THE PROBLEM -
Omit pictures and quote the listing below line by line, from its start through the line that holds "ดวงพร ชาวนาแปน profile icon".
= = = = = = =
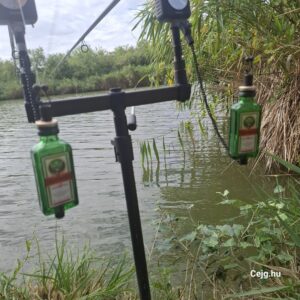 egyedi_kapasjelzo_jagermeister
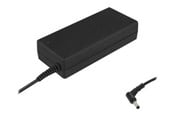 Netzteile für Laptops - Qoltec - power adapter - 90 Watt - 50099.90W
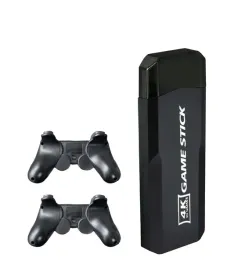 shein-gamepad-do-gry-2-pack-gmq-s07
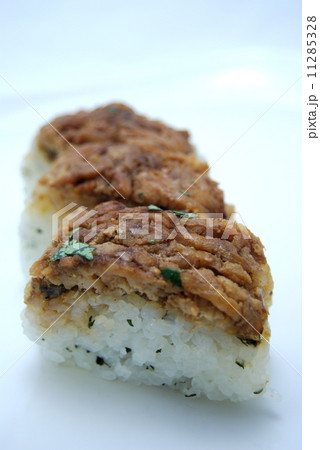鱧寿司 鱧寿司 11285328
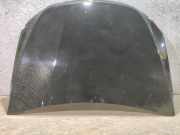 Motorhaube Mercedes-Benz GLC (X253)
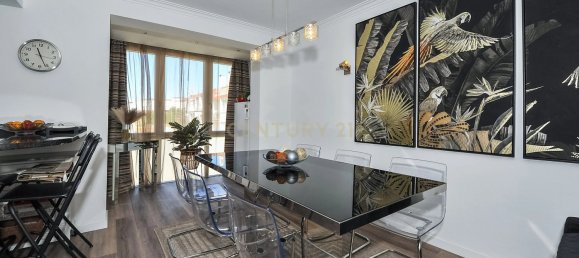 3 Schlafzimmer Doppelhaus in Cascais, Portugal, Nr. 332886 31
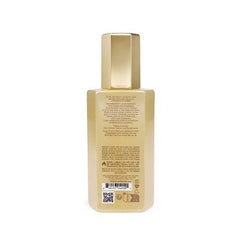 Blake Brown Hair and Body Refresh Mist Sandalwood Vanille Warm Vanilla Fragrance 5 fl oz - New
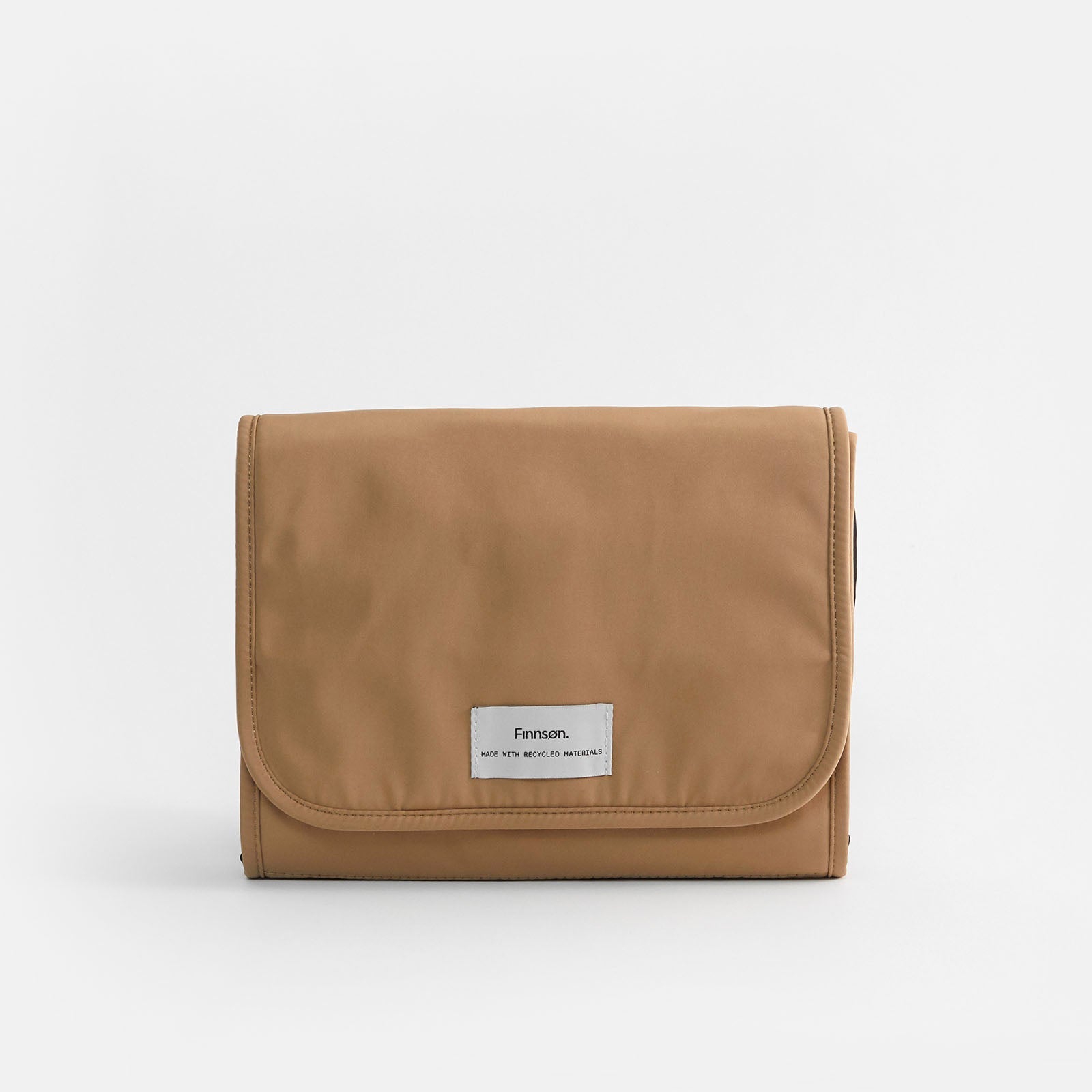 Finnson Maggie Eco Travel Changing Mat
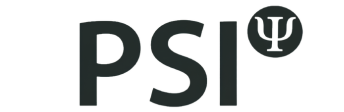 PSI LOGO.png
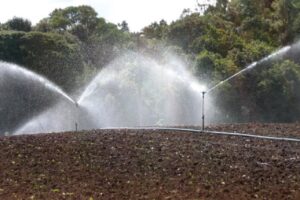 Orientação sobre regras para outorga d’água no Paraná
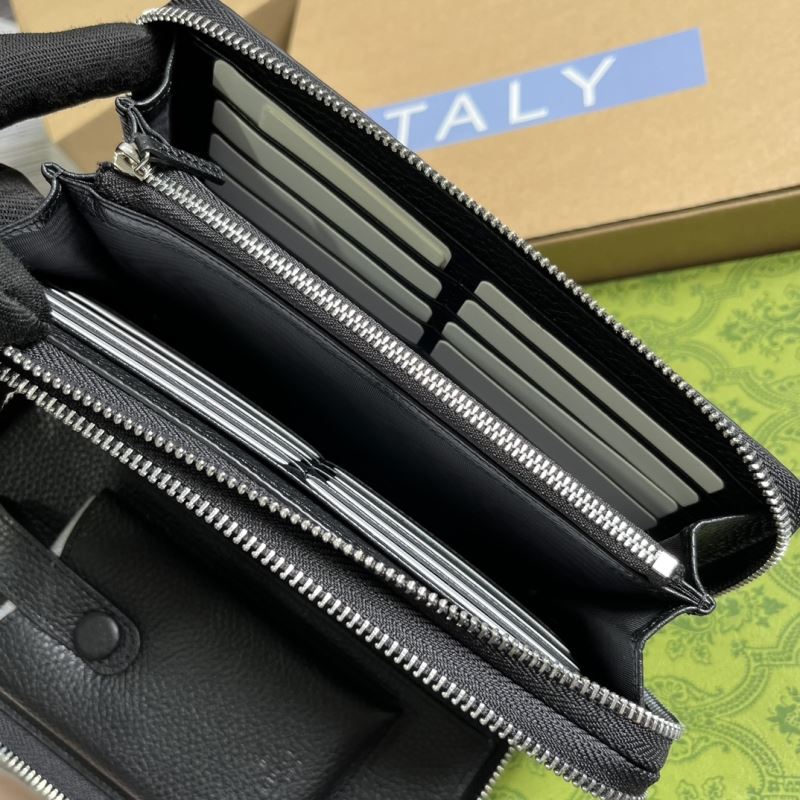 Gvc*1 purse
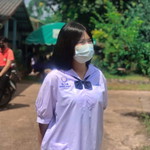 ดวงพร ชาวนาแปน profile icon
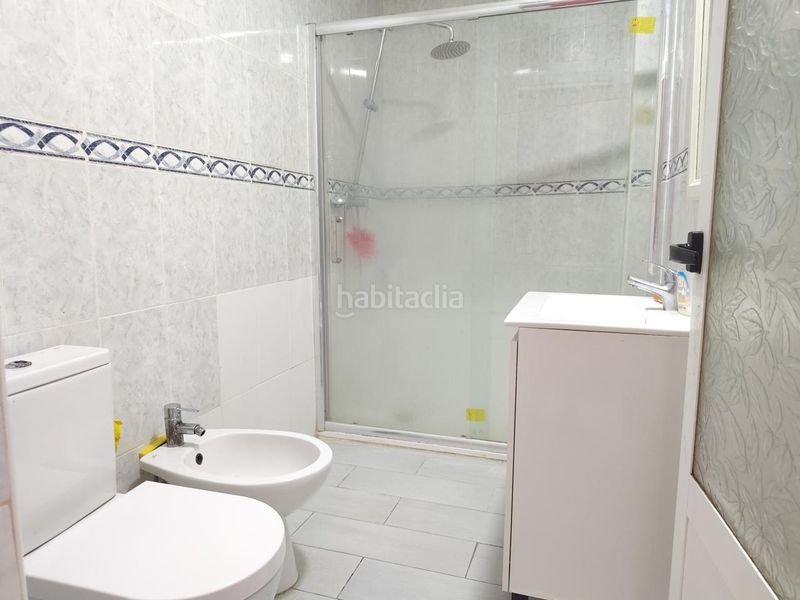 Foto aa7d47a4-e16e-4c6f-9b1d-39a927b4f6ac. Etagenwohnung in Centro Elda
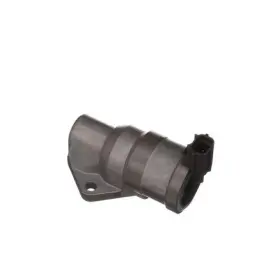 Ac268 Standard Ignition Idle Air Control Valve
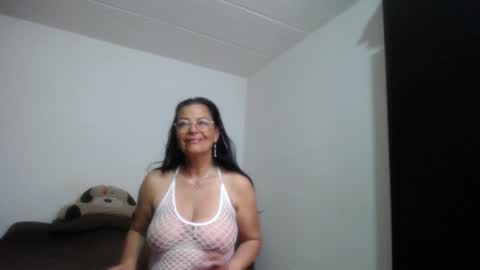 Ana online show from 10.06.25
= = = = = = =
ANSWER SPACE -
 egyedi_kapasjelzo_jagermeister
 Netzteile für Laptops - Qoltec - power adapter - 90 Watt - 50099.90W
 shein-gamepad-do-gry-2-pack-gmq-s07
鱧寿司 鱧寿司 11285328
 Motorhaube Mercedes-Benz GLC (X253)
 3 Schlafzimmer Doppelhaus in Cascais, Portugal, Nr. 332886 31
 Blake Brown Hair and Body Refresh Mist Sandalwood Vanille Warm Vanilla Fragrance 5 fl oz - New
 Finnson Maggie Eco Travel Changing Mat
 PSI LOGO.png
 Orientação sobre regras para outorga d’água no Paraná
 Gvc*1 purse
 ดวงพร ชาวนาแปน profile icon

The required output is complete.